Ryoji Ikeda - Matrix
(Touch)

Lost in a noetic neverland of anechoic rooms, acute sensorial deprivation, and reductio ad absurdum remixology, Ryoji Ikeda's work has surrendered only a smattering of thrills since his landmark +/- (1996). Matrix is right to revisit the dual design of 1998's Time / Space 2x3"-CD set (perhaps Ikeda's most satisfying concept-over-content conceit in recent years), raising hopes for a return to top form. And, for the most part, Matrix delivers on such promises. With microsonic pursuits now commonplace on volume levels ranging from subliminal (*0, Bernhard Günter) to visceral (Pan Sonic, Pomassl), Ikeda's waveplay wisely doesn't attempt to deliver the equillibrium-upsetting impact of +/-. Instead, Ikeda tries his hand at invisible sonarchitecture. The wavering sinewaves and fibrillating frequencies of "Matrix [For Rooms]" travel the full circuit of your speaker setup, imposing a structure of unseen walls and enclosures upon one's listening space. Despite a statement that "the listener's movement transforms the phenomenon into his/her intrapersonal music," the disc's digitally embedded blueprints offer little opportunity for interaction. Movement within the speakers' perimeter does not alter Ikeda's designs. One might as well sit still, allowing each of the 10 tracks to dart and circle, stitching its prescribed microsonic seams. "Matrix [For Rooms]" rewards such concentration with the awareness of subsonic spiders deliberately and delicately drawing unseen parameters around one's physical form. If not quite the ear-altering experience of +/-, it's no less intriguing a sensation. That said, however, a full hour of such (in)activity is more ideally suited to an installation environment, not one's livingspace.

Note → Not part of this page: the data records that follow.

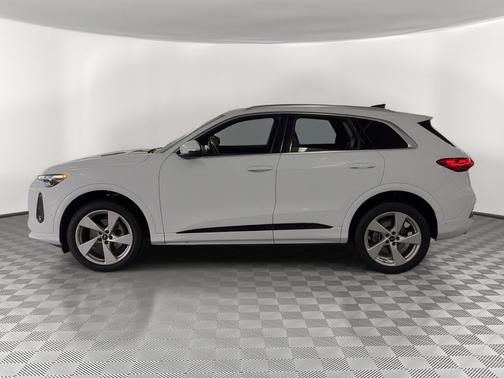 Glacier White Metallic 2025 Audi Q5 Premium Plus TFSI quattro S tronic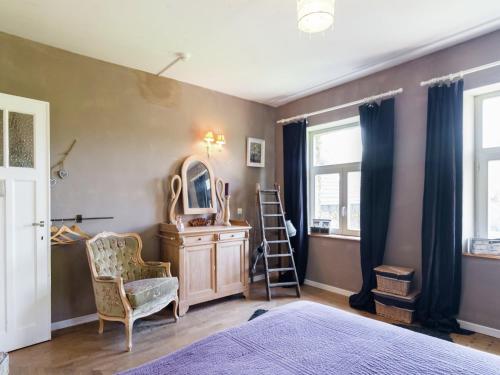 Quaint Holiday Home in Bievre with Terrace - image 8
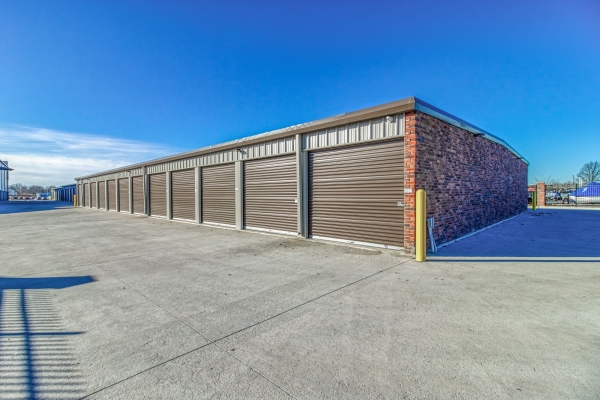 Facility photo: //images.sparefoot.com/medium/217649602c1a9513e70.jpg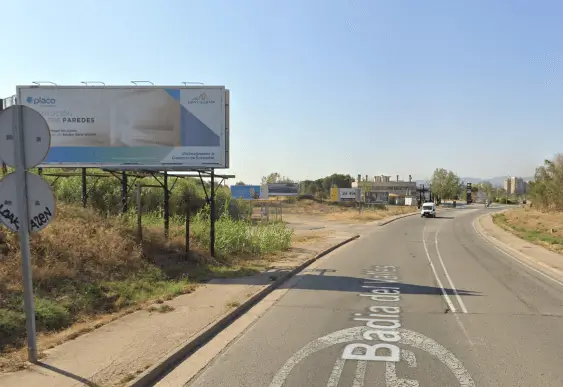Soportes publicitarios en Sabadell a Badia y Campo Aviación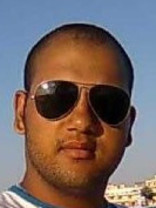 Person who looks like Amr Diab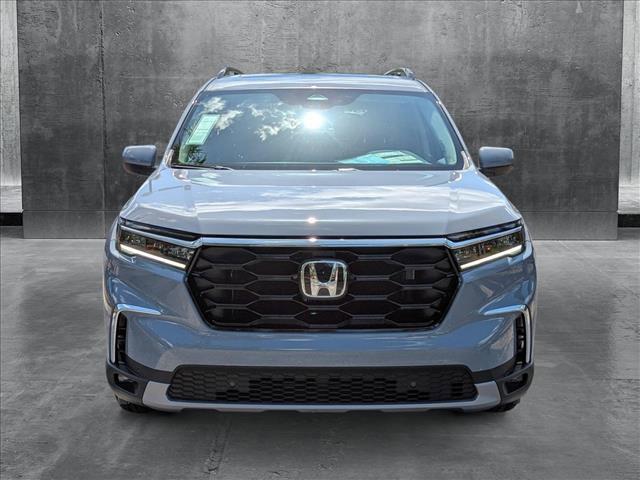 new 2025 Honda Pilot car, priced at $49,955
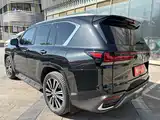 Photo 5 - Lexus LX
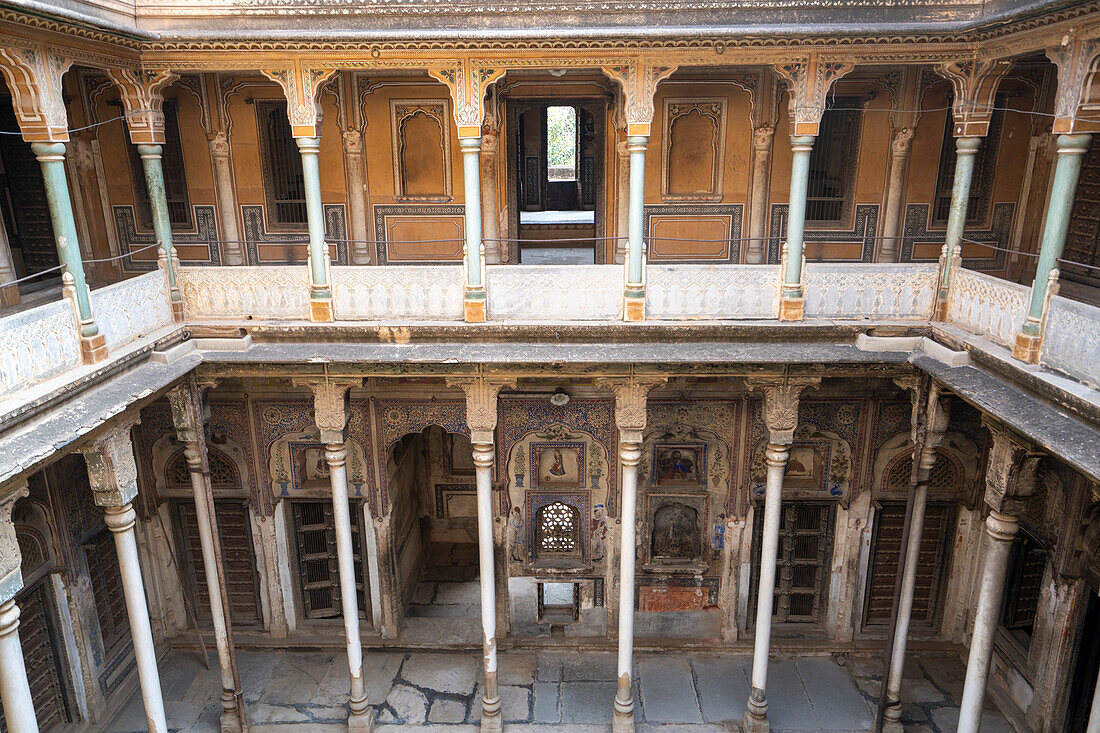 Interner Balkon um den Innenhof eines Painted Haveli; Nawalgarh, Shekawati, Rajasthan, Indien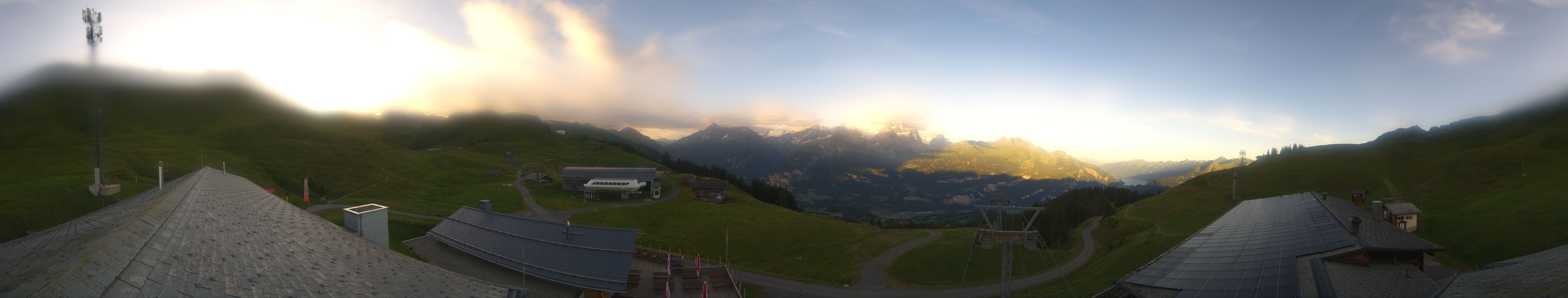 Archiv Foto Webcam Panoramacam Meiringen Hasliberg Mittelstation Käserstatt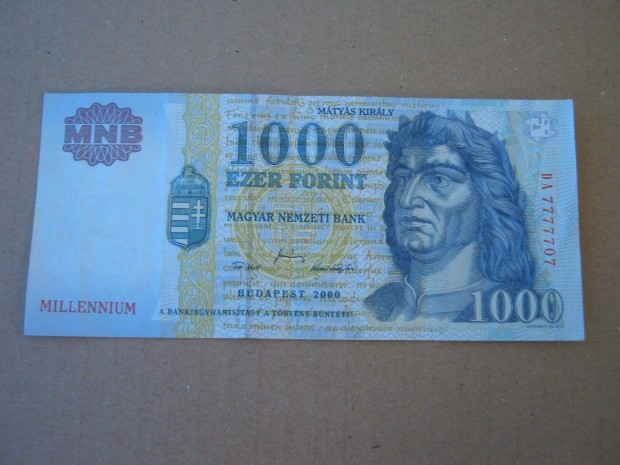 1000 Forint Millenium érdekes sorszámmal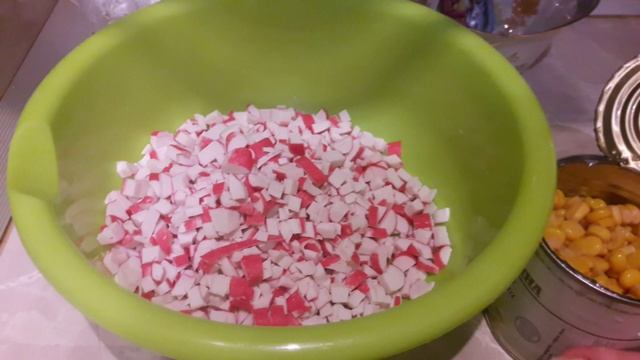 Самый простой ВКУСНЕЙШИЙ крабовый салат! смотреть онлайн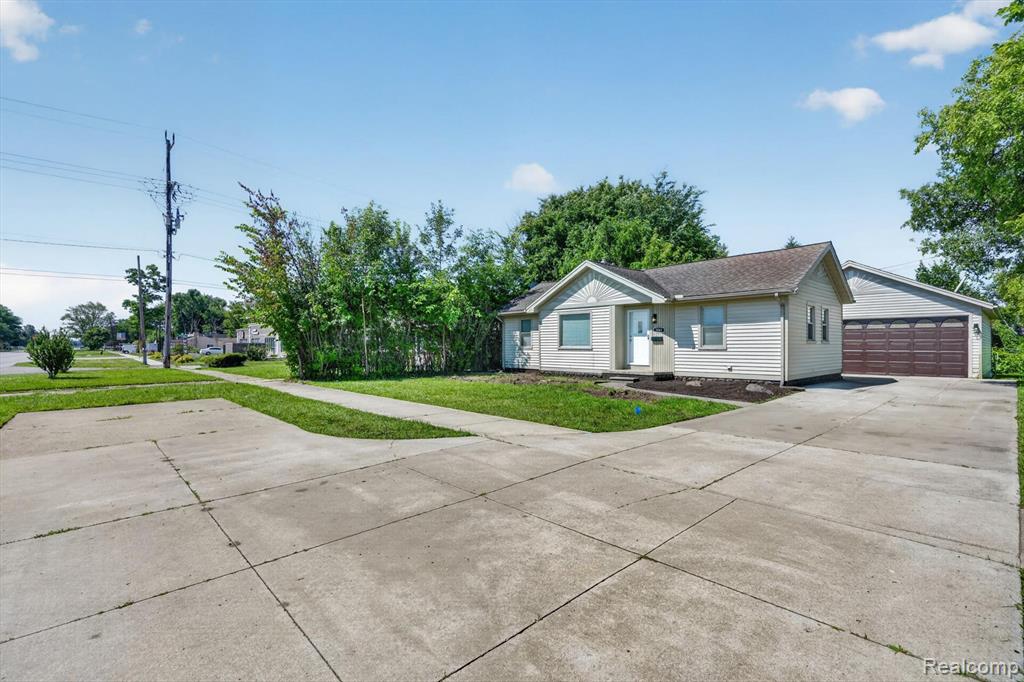 2061 Inkster Road, Garden City, MI — Photo 2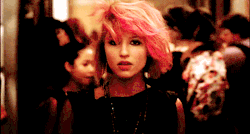  “Ela sorri, mas por dentro ela chora.” (bipolar-society) 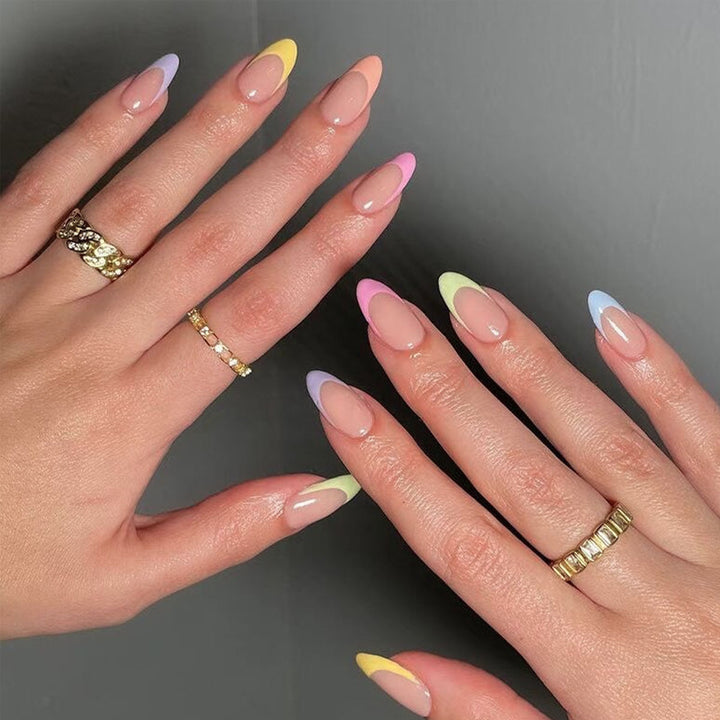 Elegante Stiletto Press-On Nagelset mit geometrischen Akzenten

The second disc (".Matrix") only disappoints in replaying too many of Ikeda's familiar headphonic gambits. But his speaker-panning pulses and felt-but-not-heard sonar tonalities still elicit a smile, as does the ingenious layering of complex audio effects. Alas, in the post-+/- years, disciples like Noto and Richard Chartier have explored every mappable micron in microsonic space. Even with Ikeda's gleefully groovy technocentric rhythmic sensibilities in full effect, ".Matrix" finds no new territory. It's a welcome bonus, far more engaging than its conceptual companion disc, but it's little more than 30 minutes of innocuous fun-with-digital audio.